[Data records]
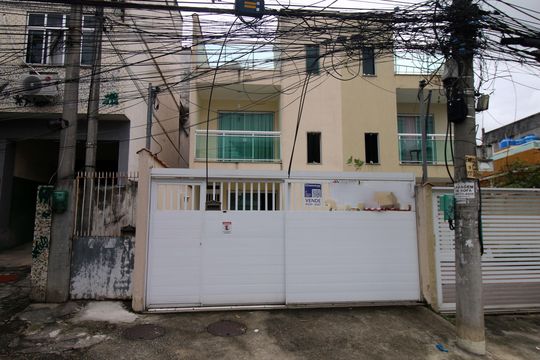 Fachada da casa de casa à venda com 2 quartos, 157m² em Irajá, Rio de Janeiro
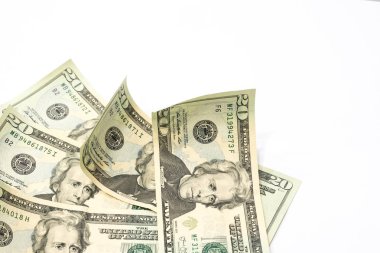 20 dolar faturaları üzerinde beyaz masa artalanını yığını.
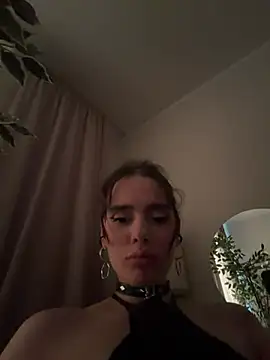 SophieCharm live cam on StripChat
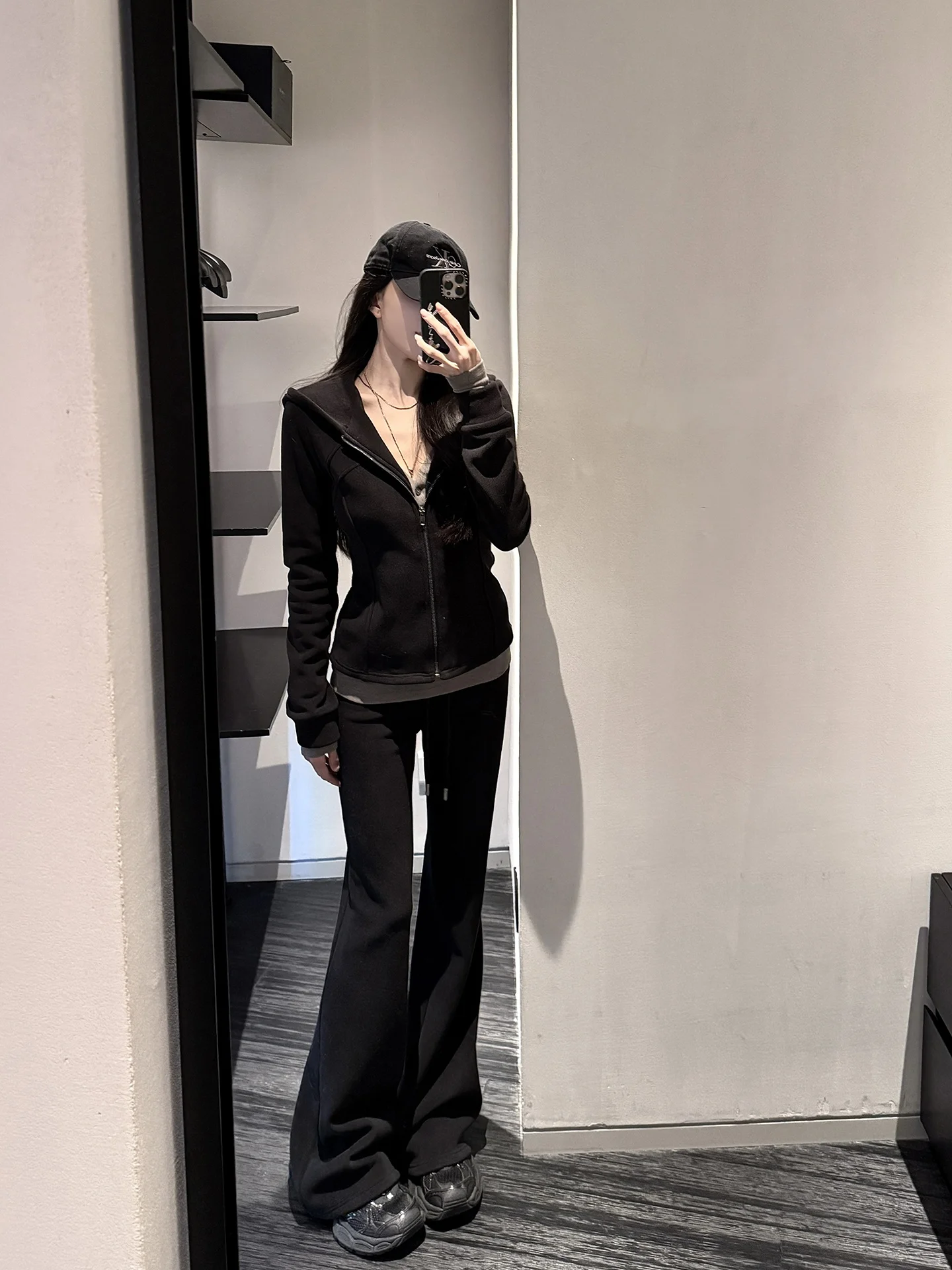 Комплект He Chenxi: Повседневный зимний пуховик и брюки микро-клеш с эффектом удлинения ног и стройнящим эффектом
Комплект He Chenxi: Повседневный зимний пуховик и брюки микро-клеш с эффектом удлинения ног и стройнящим эффектом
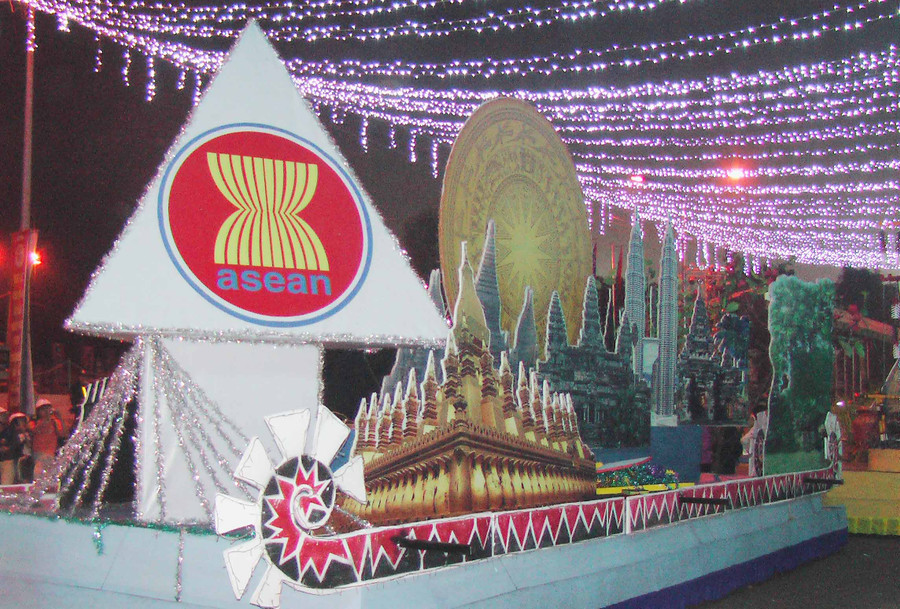 Biểu tượng Cộng đồng ASEAN. Ảnh: Thanh Nhật Biểu tượng Cộng đồng ASEAN. Ảnh: Thanh Nhật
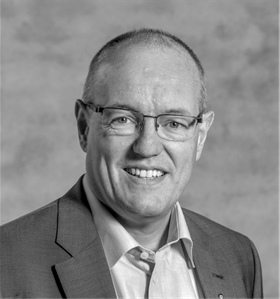 Rektor Gunnar Bovim mener det finnes gode argumenter for lokalisering i
Midtbyen, men at «nærheten til resten av NTNU veier tyngre». Foto NTNU Rektor Gunnar Bovim mener det finnes gode argumenter for lokalisering i
Midtbyen, men at «nærheten til resten av NTNU veier tyngre». Foto NTNU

- **Aim of the task**: Find the word "resten" in the data and show each line that holds it.

- **Solution**:
Midtbyen, men at «nærheten til resten av NTNU veier tyngre». Foto NTNU Rektor Gunnar Bovim mener det finnes gode argumenter for lokalisering i
Midtbyen, men at «nærheten til resten av NTNU veier tyngre». Foto NTNU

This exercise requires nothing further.